I'm not saying the Granite 4x4 Mega's are indestructible, but if you are only going to use 2S for the moment, I don't think you need to go crazy with the upgrades just to try that out. Start with the diff inputs and see what you actually break or wear out after that. If you find out that 2S just isn't enough, or you smash way more parts than I do, you can just sell the truck and buy the 3S version instead. Now, if you just like to tinker (lord knows I do), then go ahead and get all the things and have fun poking around in the truck's guts!

Great info. Thanks. Yeah, I'm more likely to keep it, tinker, and spend nearly twice as much. LOL. But I'll also have a better understanding of how it works. Can't thank everyone enough. Very glad to have the input and see that this is an active community.
 
Great info. Thanks. Yeah, I'm more likely to keep it, tinker, and spend nearly twice as much. LOL. But I'll also have a better understanding of how it works. Can't thank everyone enough. Very glad to have the input and see that this is an active community.
Hey No Traction,

I just posted a mega gearbox with the Hot Racing steel spur gear and corresponding 17t pinion.

If you're going with a motor that has a 5mm shaft, this will be a good base. I'd recommend the HD 17 tooth input gear for the rear differential.

On a Granite, the driveshaft support nearing isn't as critical as the driveshaft is was shorter than the BRCC, Typhon or Senton.
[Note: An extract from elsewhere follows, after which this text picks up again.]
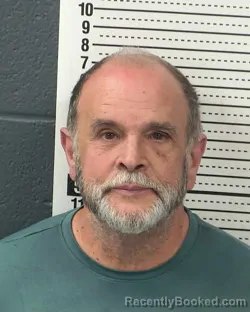 Mugshot of ANTONIO PICADO booked in Dona Ana County, New Mexico on May 7, 2026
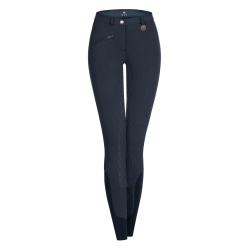 Pantalones Térmicos De Equitación Fun Sport Silicona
Essentially just get the speed controller and motor in with this stuff and you'll be pretty Rock solid on 2S from my experience. I run into all kinds of poop and it holds up pretty well.
 
Both of my Granites are running the Max10SCT with the 3660 3200 KV. both have the HD input in the rear only, stock driveshafts, BLX slipper and 15T pinion, and the BLX motor mounts and I have the Hobbywing program card with the punch set on 3 for both. My 2 boys have beat the crap out of them for like 50 packs (5000MaH 50C discharge 2s gensacearespammers Lipos) or so since the upgrade. The only thing they have broken since then have been shocks (due to poor driving). The trucks accelerate almost twice as fast and wheelie like there is no tomorrow. I have plans to upgrade to the BLX inputs and diffs, but have not had an issue yet, and they are wide open the whole time they are running almost ( they are 9 and 11 yrs old). Hope this helps.
 
I replaced my front diff input as well, mostly because I had it apart anyway, but the stock one never actually broke on me. I guess having the long, plastic driveshaft to help absorb some of the torque hit is much kinder to the diff inputs.
 
I replaced my front diff input as well, mostly because I had it apart anyway, but the stock one never actually broke on me. I guess having the long, plastic driveshaft to help absorb some of the torque hit is much kinder to the diff inputs.
Only reason I didn't do the front was because I am upgrading the diff eventually, but to run the BLX slipper you have to change the input pinion on the rear, the stock mega input pinion will not work with the BLX slipper clutch
 
Wait, you can run the BLX input gear with the mega diff? I thought that the gear pitch is different.

A friend of mine just upgraded his mega to brushless and I told him that he needs to change the diffs if he’s input gear will fail.
 
Wait, you can run the BLX input gear with the mega diff? I thought that the gear pitch is different.

A friend of mine just upgraded his mega to brushless and I told him that he needs to change the diffs if he’s input gear will fail.
No you can't use the BLX input pinion with the mega diff. Different pitch between the 2 models diff/input gears. There is a mega HD input pinion you have to use that will work with the BLX slipper and the mega diffs.